2000年代前半にe-Japanという国家主導のIT戦略があった。世界トップのIT国家とすべく高速インターネットの世帯普及率を高め、電子政府システムや各種ネットサービスを充実させることを目的とした。森元首相所信表明演説でITを国家戦略の柱にするとしたことでも知られる。

「日本新生」の最も重要な柱は「IT戦略」、いわばE―ジャパンの構想であります。「日本型IT社会」の実現こそが、二十一世紀という時代に合った豊かな国民生活の実現と我が国の競争力の強化を実現するための鍵であるからです。人類は、そして我々日本人は、IT革命という歴史的な機会と正面から取り組む決意が必要です。
第百五十回国会における森内閣総理大臣所信表明演説

この所信表明演説の中でも触れられ、その後のe-Japan戦略の中でも中心的な技術として数年間多額の投資をされることになったのが、IPv6だ。

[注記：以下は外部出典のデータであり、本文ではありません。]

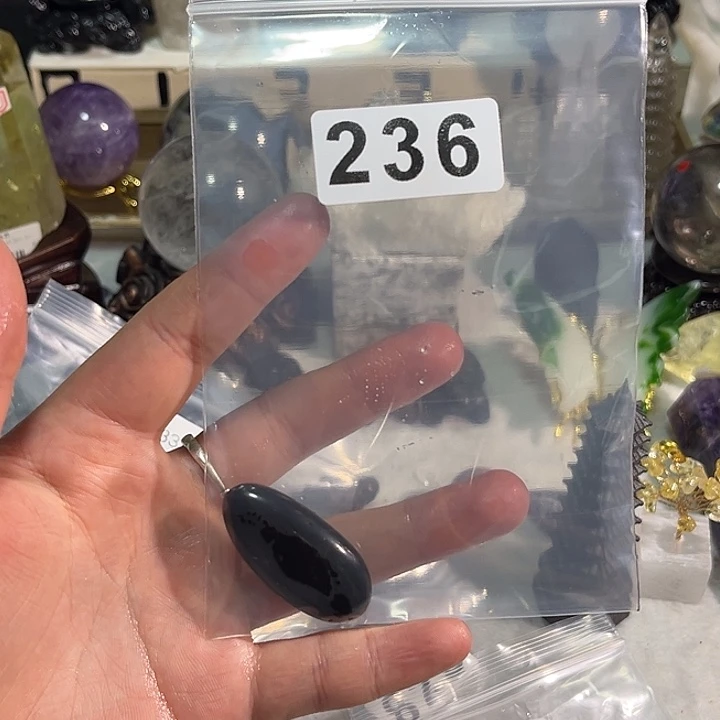 未镶嵌水晶大型摆件（非配饰）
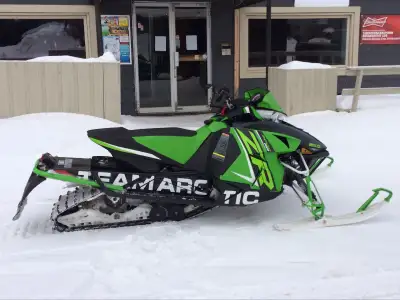 ZR9000rr in excellent shape, 4 Stroke Turbo, looks new, always store inside. Studdeds, Hands Protect...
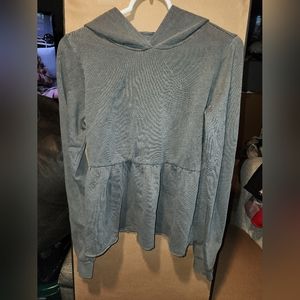 New Maurices Hoodie Sweatshirt Ruffle Bottom Warm Comfy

電子政府の早期実現、学校教育の情報化、通信・放送の融合化に対応した制度の整備など、多岐にわたる課題についても、「IT戦略会議」における議論を踏まえつつ、果敢に取り組んでまいります。また、先端インターネット技術等の研究開発、IPバージョン6などによるグローバルインターネットの課題解決への積極参加など、インターネットの発展に対する大きな国際的貢献を目指します。
第百五十回国会における森内閣総理大臣所信表明演説

一国の政治のトップがインターネットの先進的な技術に所信表明演説で言及したと、当時大きなニュースになった。2000年代半ばまで続いたe-Japan戦略でも多くのプロジェクトに国家予算が割り当てられた。さまざまな実証実験なども行われたのは記憶に新しい。総額は不明だが、かなりの投資が行われていた。

World IPv6 Dayで見えてきた課題

日本は間違いなくIPv6先進国であった。多くの通信事業者やネットワーク機器開発ベンダーなどが標準化から実装、運用技術にいたるまで世界をリードした。BSDでのKAMELinuxでのUSAGIはリファレンス実装として標準化と実装の両方に大きく貢献し、TAHIプロジェクトでの相互運用性試験はIPv6 ForumでのIPv6 Ready Logo開始の中心的な役割を担った。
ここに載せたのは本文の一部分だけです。